人類未曾有の少子高齢化と言う特殊な人口動態をベースに1990年代後半から日本の労働力人口は急激に減少し、デフレスパイラルと言うこれまた人類未曾有の出口の無い経済低迷に陥りました。21世紀に入り日銀は「ゼロ金利」とよばれる低金利政策を実施しましたが顕著な効果は無く「異次元緩和」と呼ばれる前例のない量的緩和に踏み切りました。市中銀行の定期預金も0.25%程度と言う低いレベルが持続しています。一方政府は膨張する社会保障費と1000兆円を超える財政赤字の為に財政出動を効果的に行うことも出来ません。
 こうした状況の中もはや国内に投資対象は無いとまで言われています。財政再建を実施して行くためには日本経済のインフレ化は必須です。それが意味するところは低金利の下で金融資産の目減りが生じると言うことです。考えられるヘッジの方法はただ一つ、金利の高い外貨あるいは持続的にレートの上昇する外貨を買い高い利回りを確保することです。

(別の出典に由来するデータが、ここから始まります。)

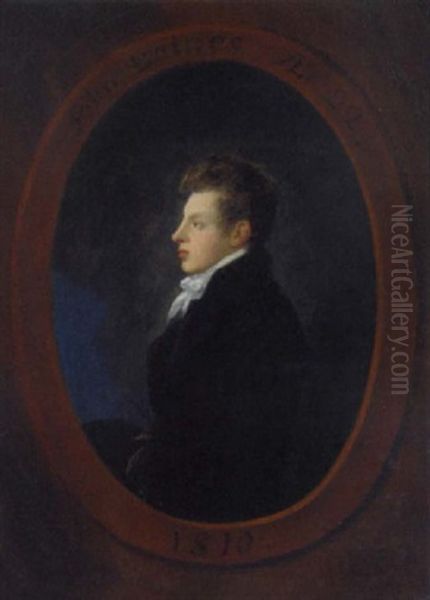 Portrait Of John Baines, Aged 22, In A Black Coat - view 1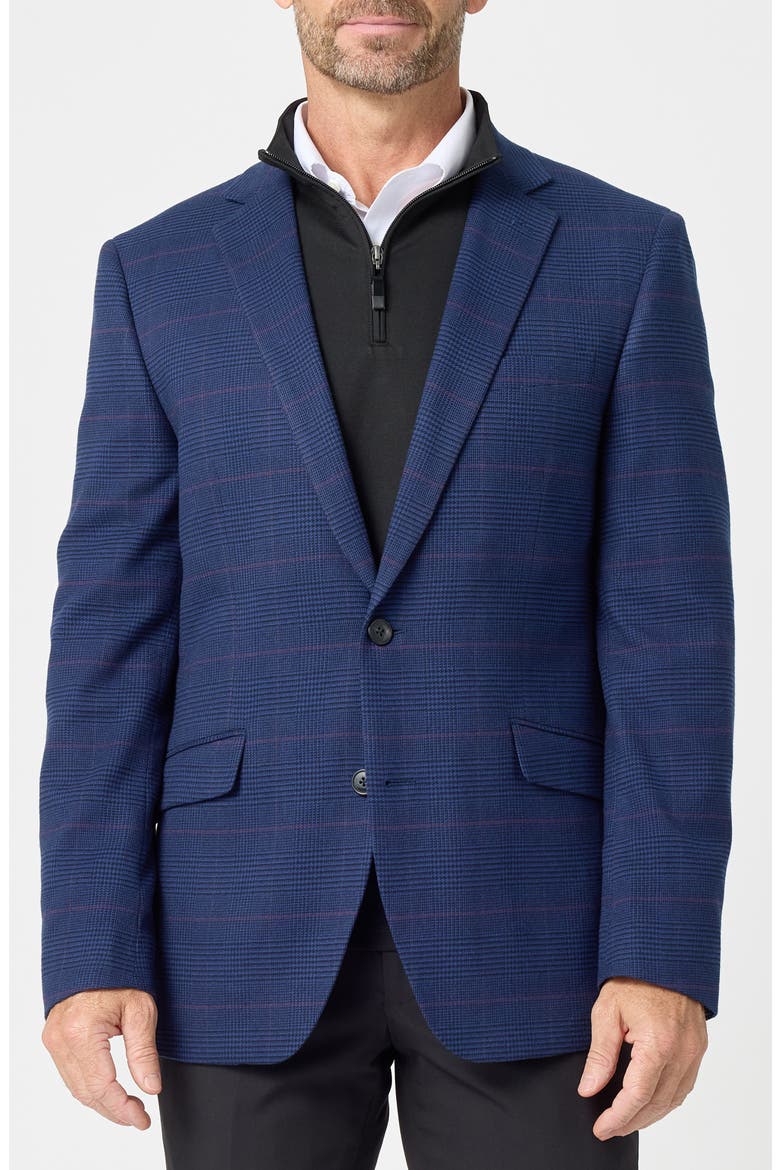 Plaid Stretch Sport Coat, Main, color, NAVY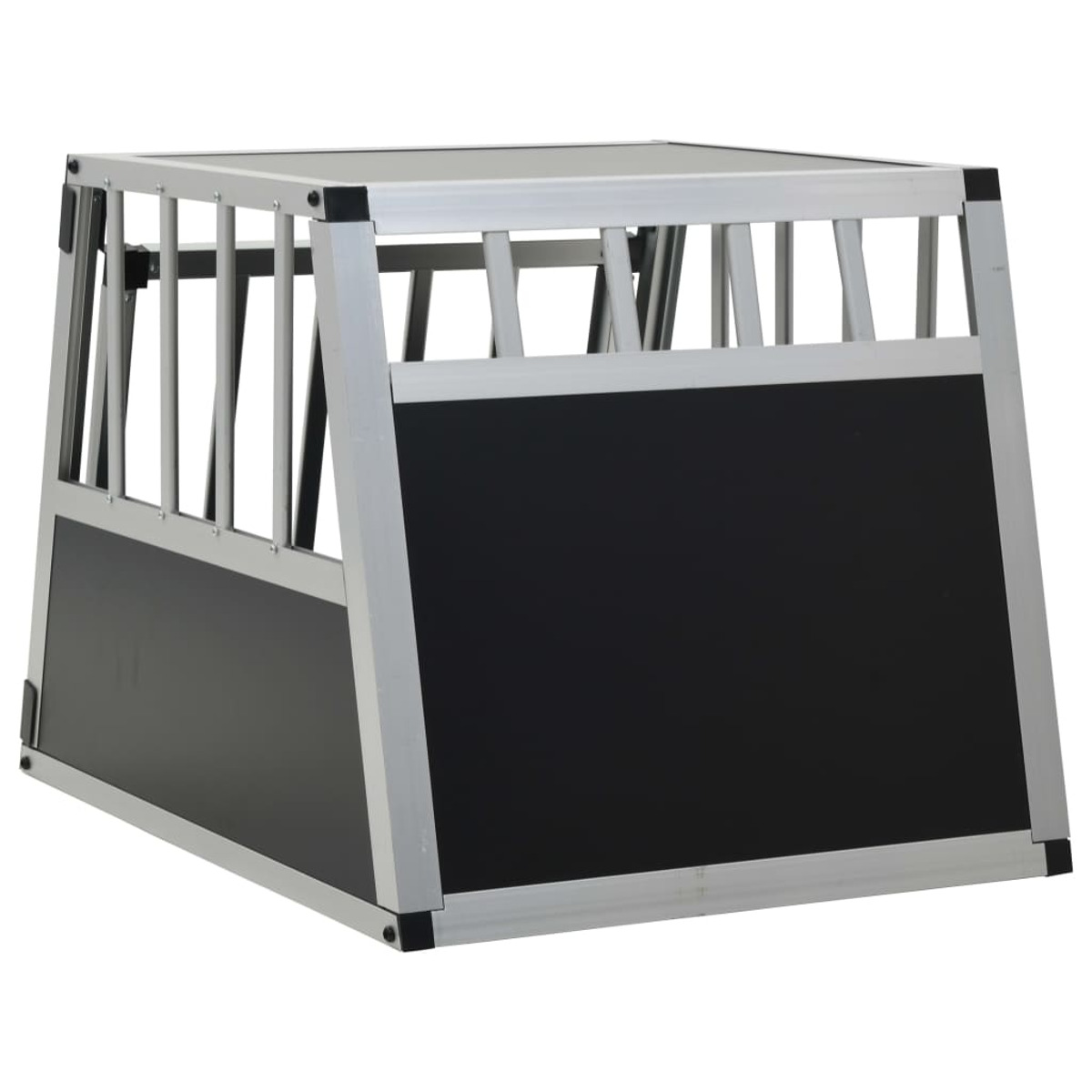 Eine Metall-Hundebox, schwarz und silber, mit schräger Oberseite.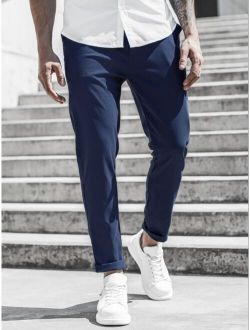 Men Blue Solid Tapered Pants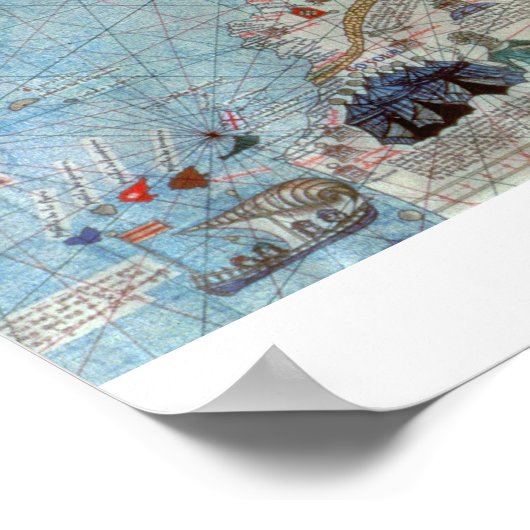 Catalaanse atlas: Detail of North Africa and Europ Poster (Hoek)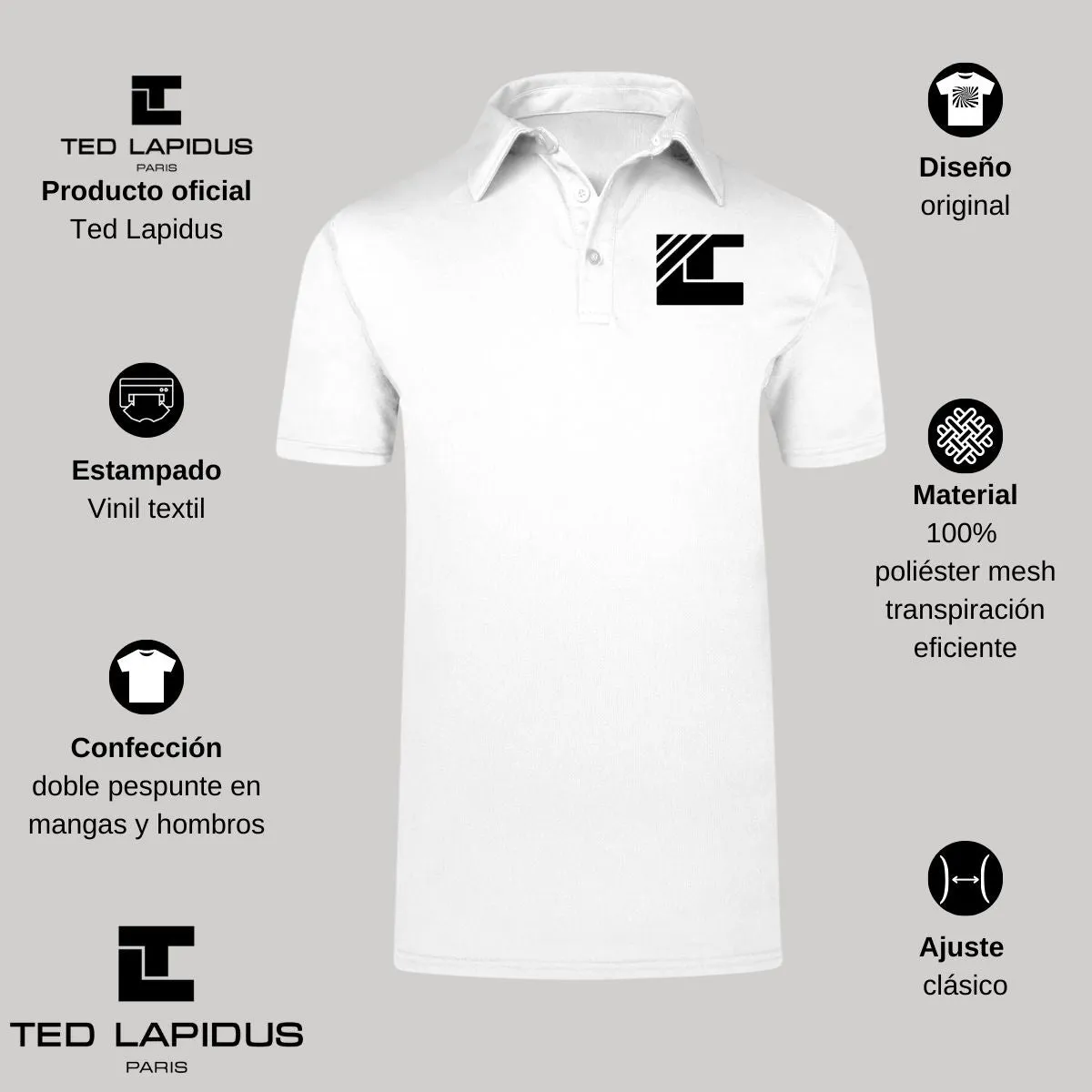 Playera Tipo Polo Hombre Ted Lapidus Paris TL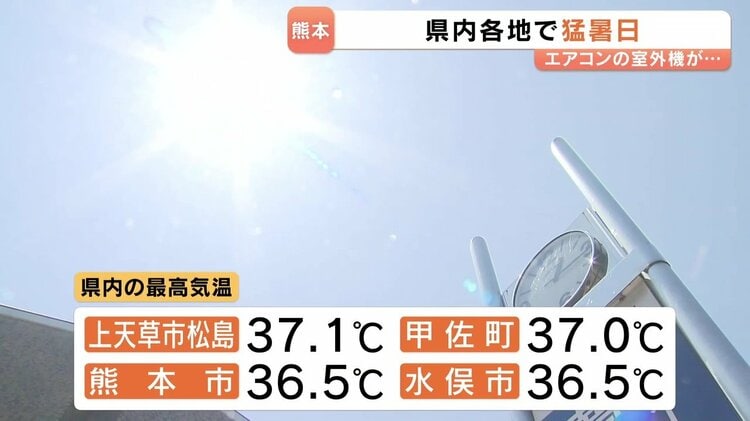 上天草市で37.1℃ 熊本市で36.5℃ 各地で猛暑日 エアコン フル稼働 室外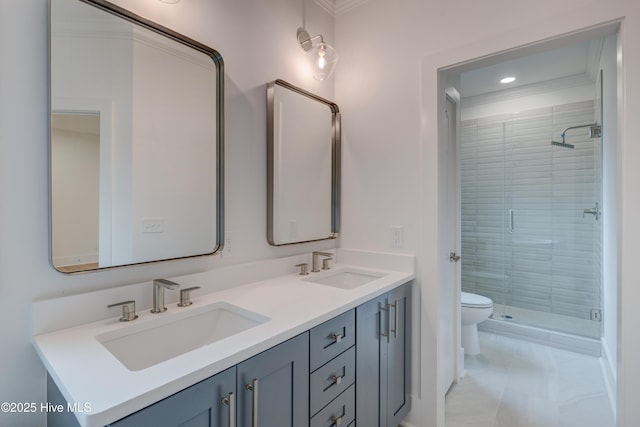 226 Bayfield Dr, Wilmington, NC 28411 - bathroom featuring a shower stall, double vanity, crown molding, and recessed lighting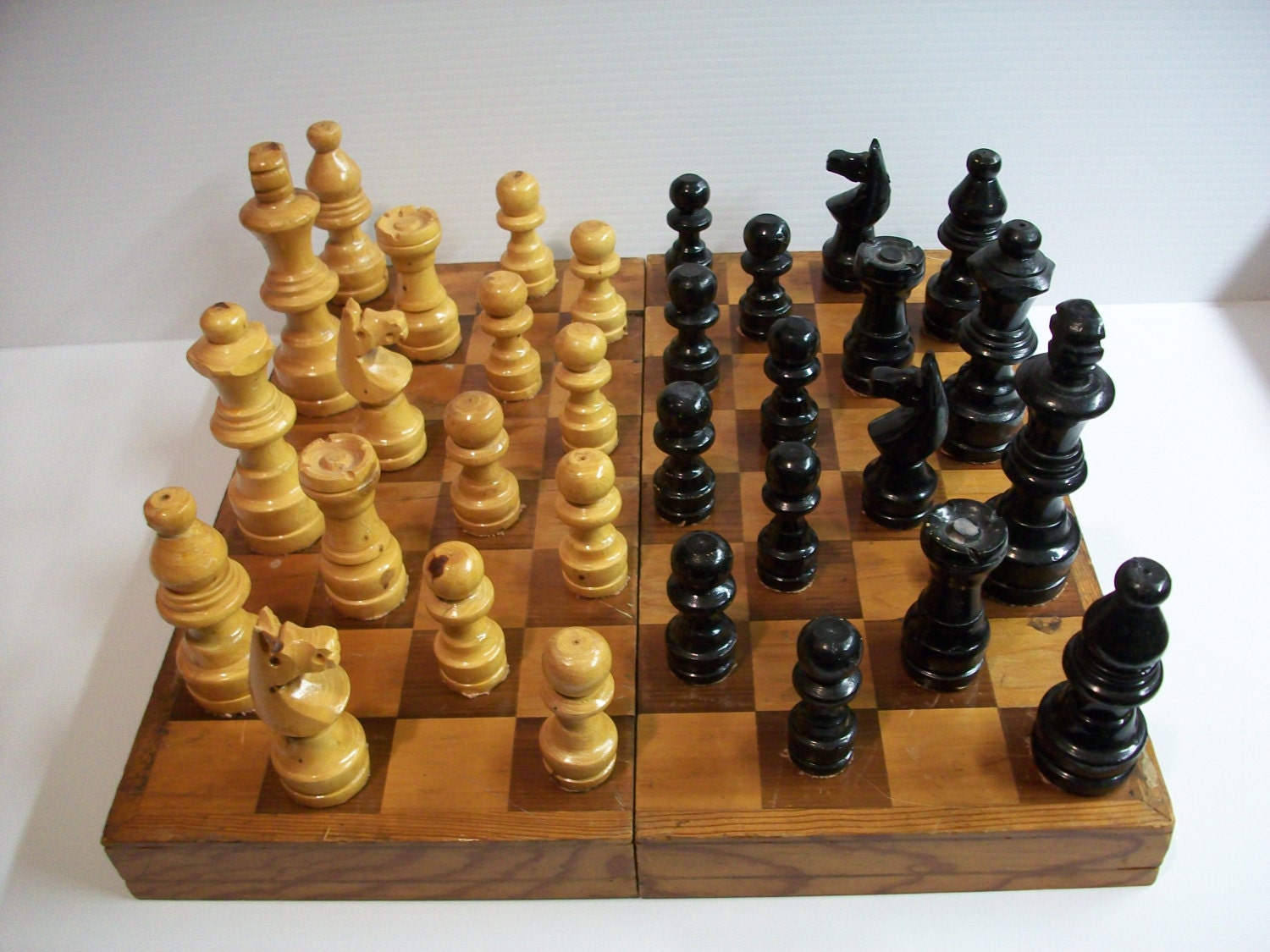 vintage chess set . vintage wooden chess set . hand by GTDesigns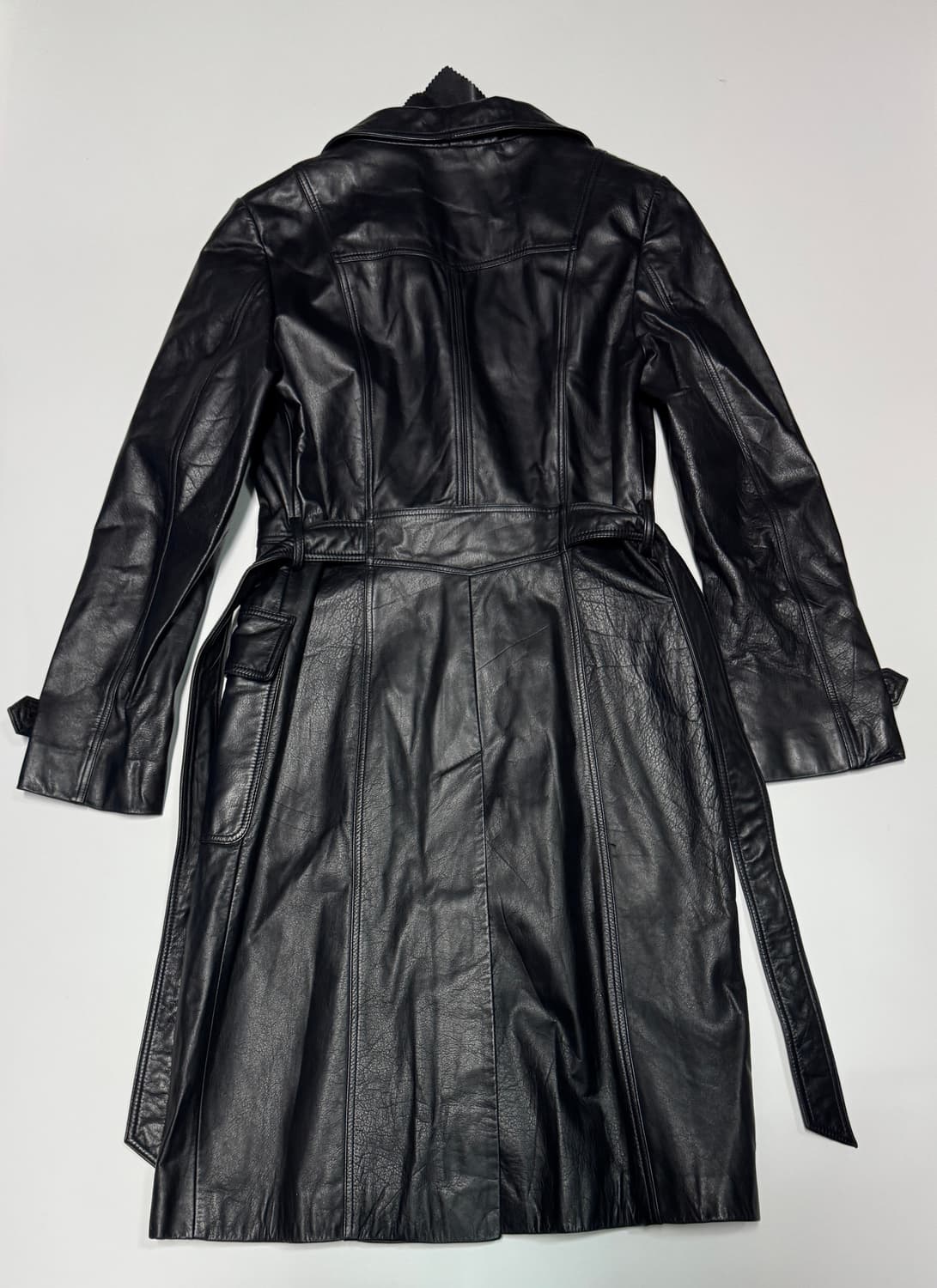 여성 빈티지 리얼 소가죽 100% 벨티드 고급 롱 자켓 상품이미지2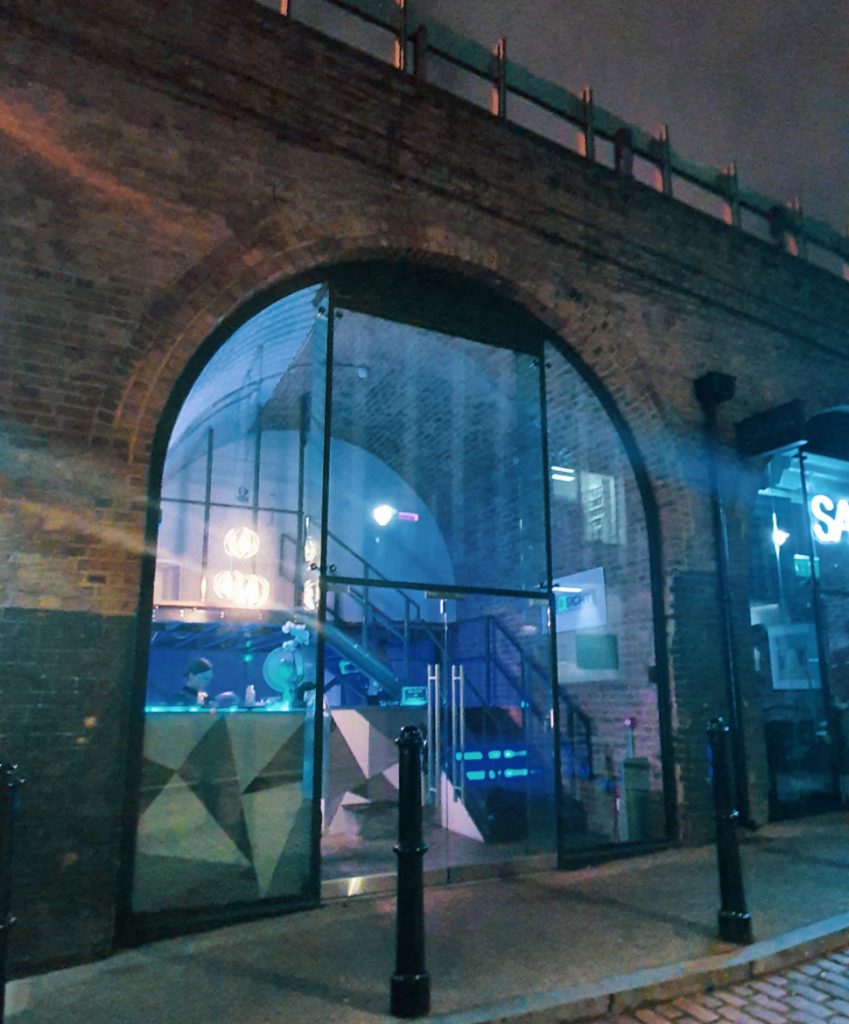 Exterior of Neosight - The Grid, Cocktail Escape Room in London, review by BeckyBecky Blogs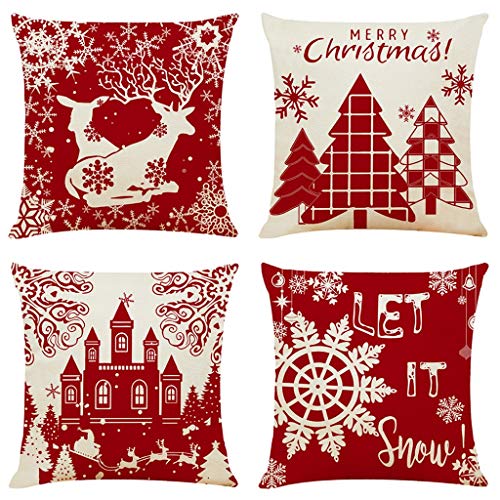 Shan-S Set Of 4 Merry Christmas Decorative Throw Pillow Covers 1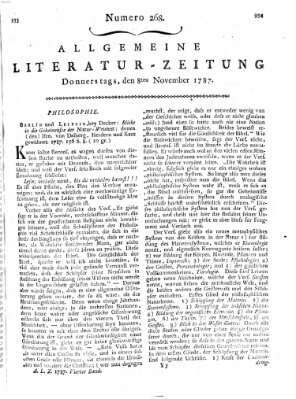 Allgemeine Literatur-Zeitung (Literarisches Zentralblatt für Deutschland) Donnerstag 8. November 1787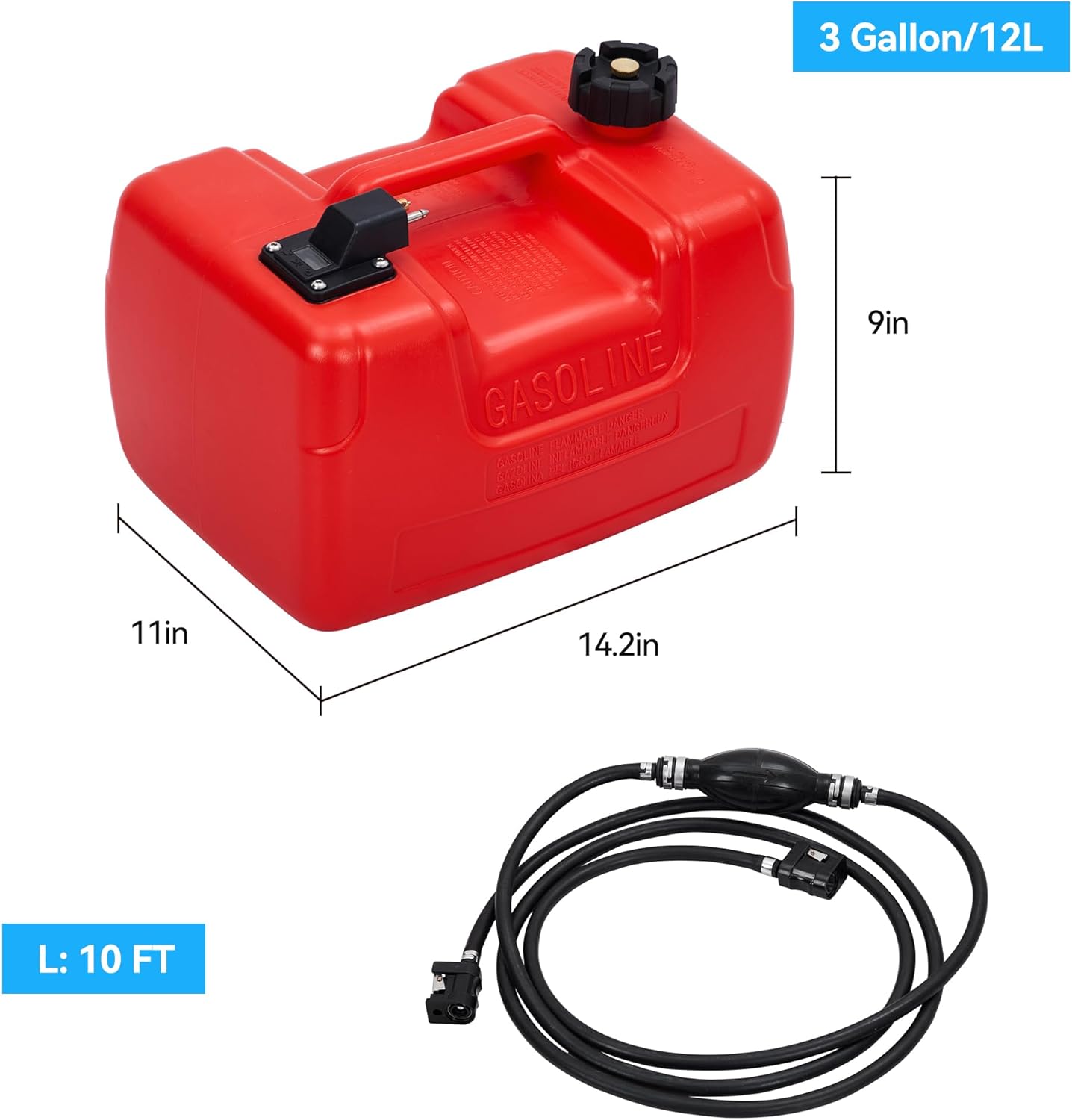 Riedhoff Marine Tank, with Line and Hand Pump, Red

 最も簡単な方法は高金利通貨で外貨預金することです。もちろん為替変動がありますから元本割れのリスクがあります。さらに預金保護の制度も適用されません。もう一つ外貨でヘッジする方法はFXです。この時重要なのは今後傾向的にレートが上昇する高金利通貨を選択することです。この場合外貨の売買で差益を出せるだけでなく売りポジションを一日以上保持することでスワップポイント即ち外貨との金利差で収益を上げることが出来ます。ただし高金利通貨は一般にボラティリティ(変動リスク)が大きいと言う傾向があります。